◆ **EXERCISE BRIEF**
Pictures are not repeated. Every line from the beginning of the entries through the one with "SILLA NATURAL RATÁN CAIPE" is restated exactly.

[SOURCE MATERIAL Boundary: Start]

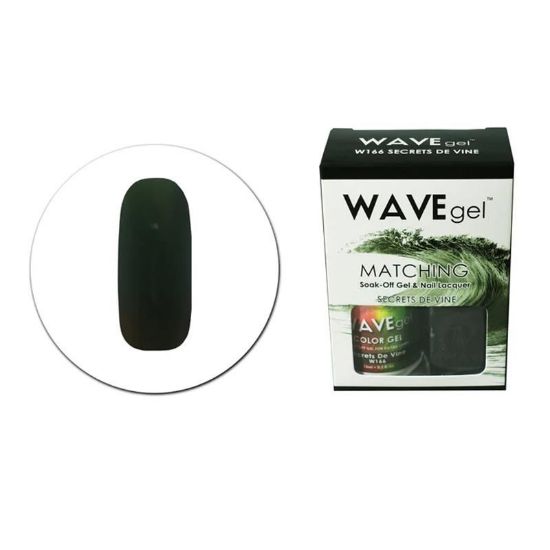 Picture of WAVE DUO MATCH 166 SECRETS DE VINE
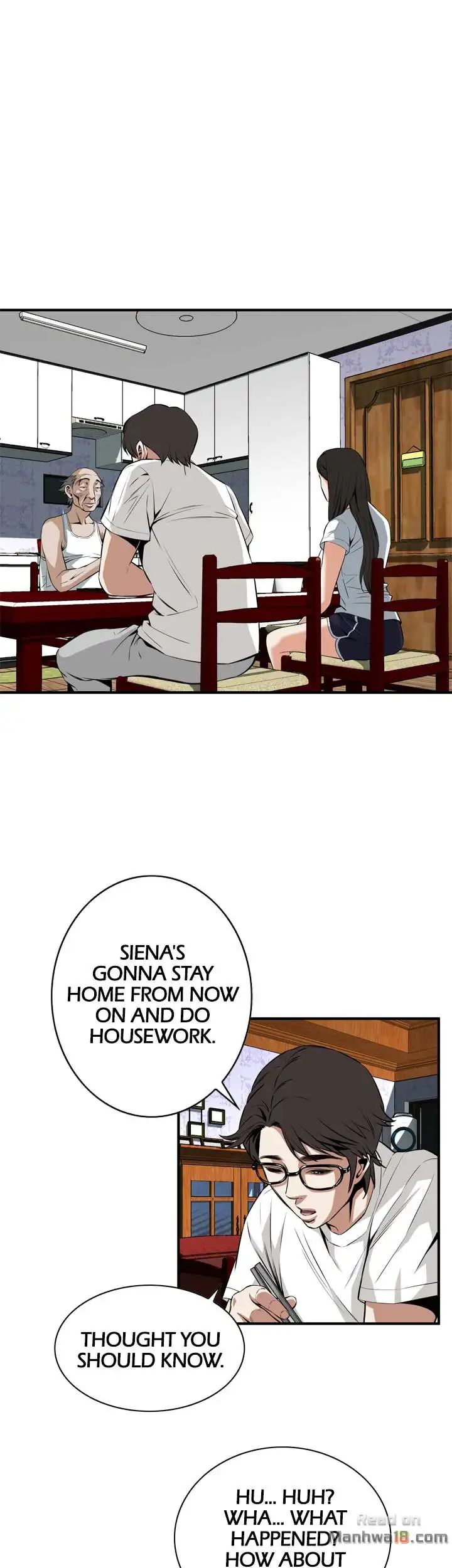 Take a Peek Chapter 37 Page 18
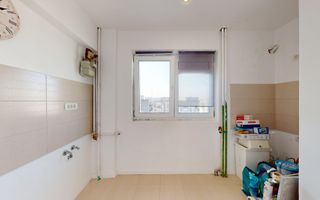 Garsoniera 41 mp renovata complet 4 min Metrou Gorjului COMISION 0% - Poză 13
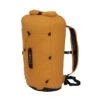 Exped Cloudburst 25 Litre Waterproof Daypack -Outdoor Camping Gear Exped Cloudburst 25 Gold 01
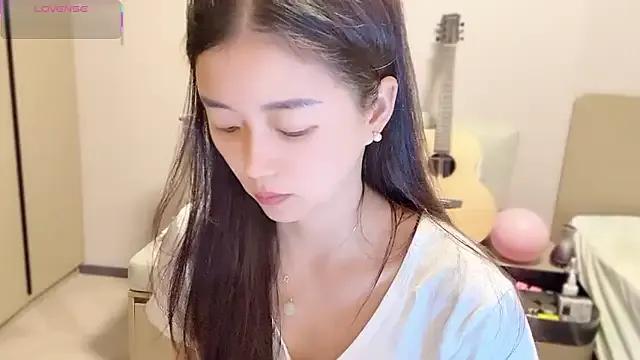 A-xena from StripChat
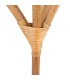 SILLA NATURAL RATÁN CAIPE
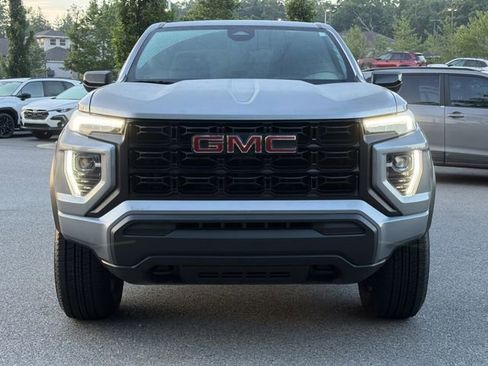 Used 2024 GMC Canyon Elevation w/ Trailering Package RWD image 14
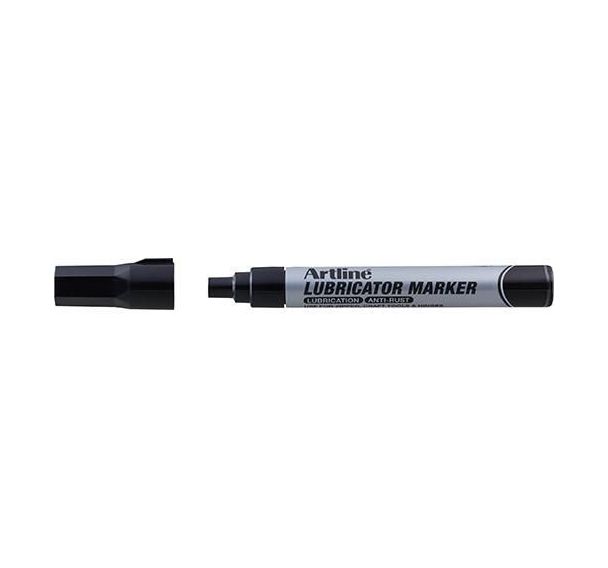 Marqueur ''Lubrificator''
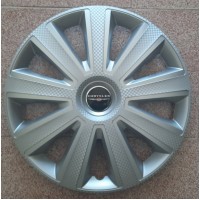 Тасове Chrysler 15 цола Aviator Silver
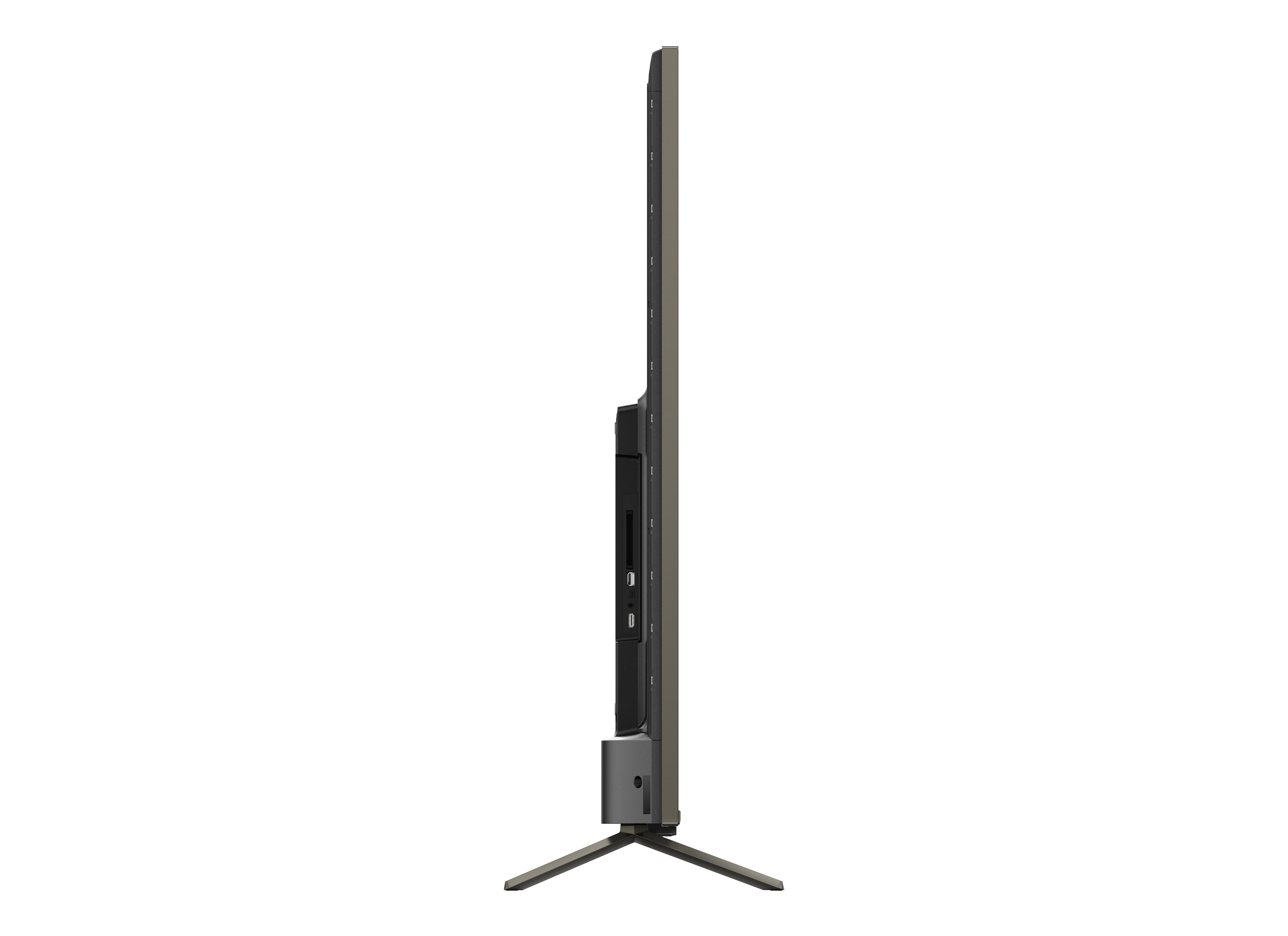 TV intelligente Philips 55PUS8118 4K Ultra HD 55 LED — photo 2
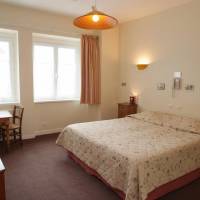 Double Room with Courtyard View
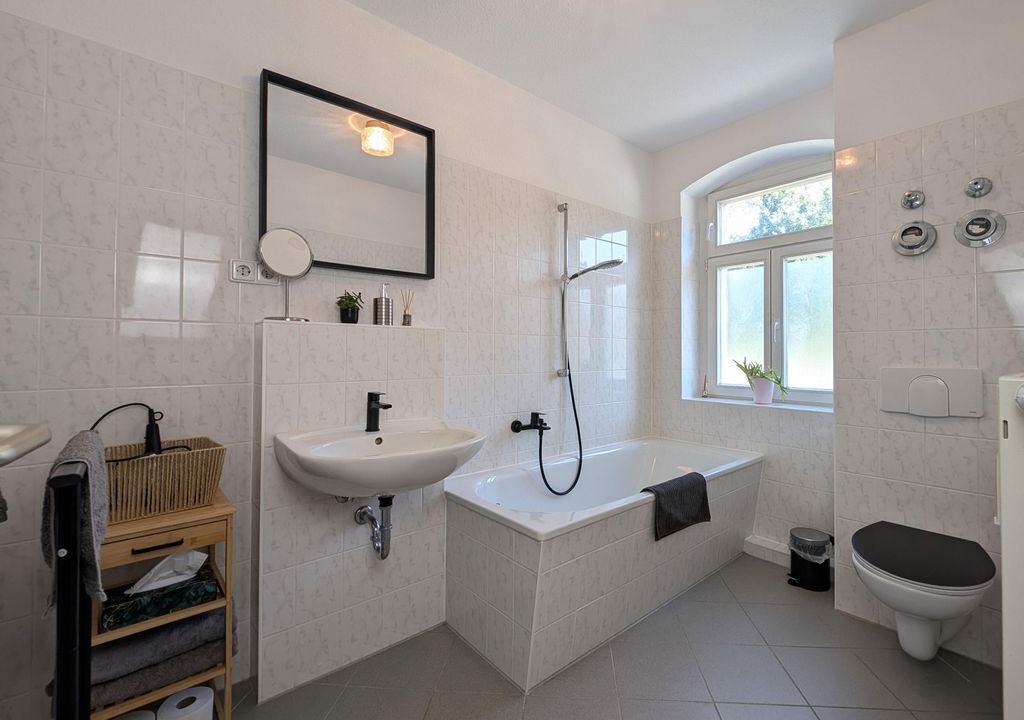 Photo of Bathroom in Rottwerndorf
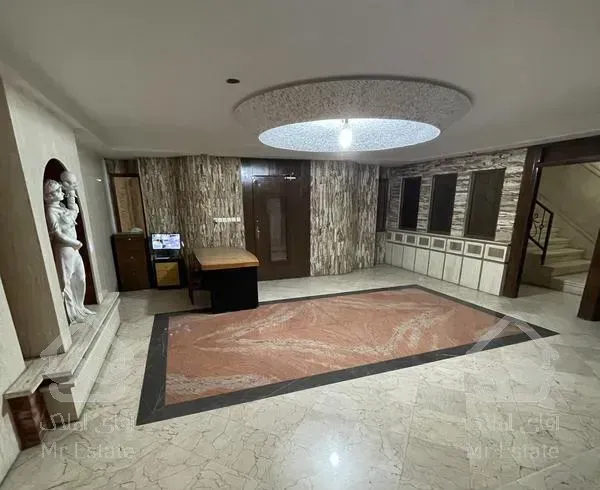 فروش ملک فرمانیه غربی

[SOURCE MATERIAL Boundary: End]

◆ **COMPLETED TASK**
 Picture of WAVE DUO MATCH 166 SECRETS DE VINE
 Take a Peek Chapter 37 Page 18
 Garsoniera 41 mp renovata complet 4 min Metrou Gorjului COMISION 0% - Poză 13
 Exped Cloudburst 25 Litre Waterproof Daypack -Outdoor Camping Gear Exped Cloudburst 25 Gold 01
 A-xena from StripChat
 SILLA NATURAL RATÁN CAIPE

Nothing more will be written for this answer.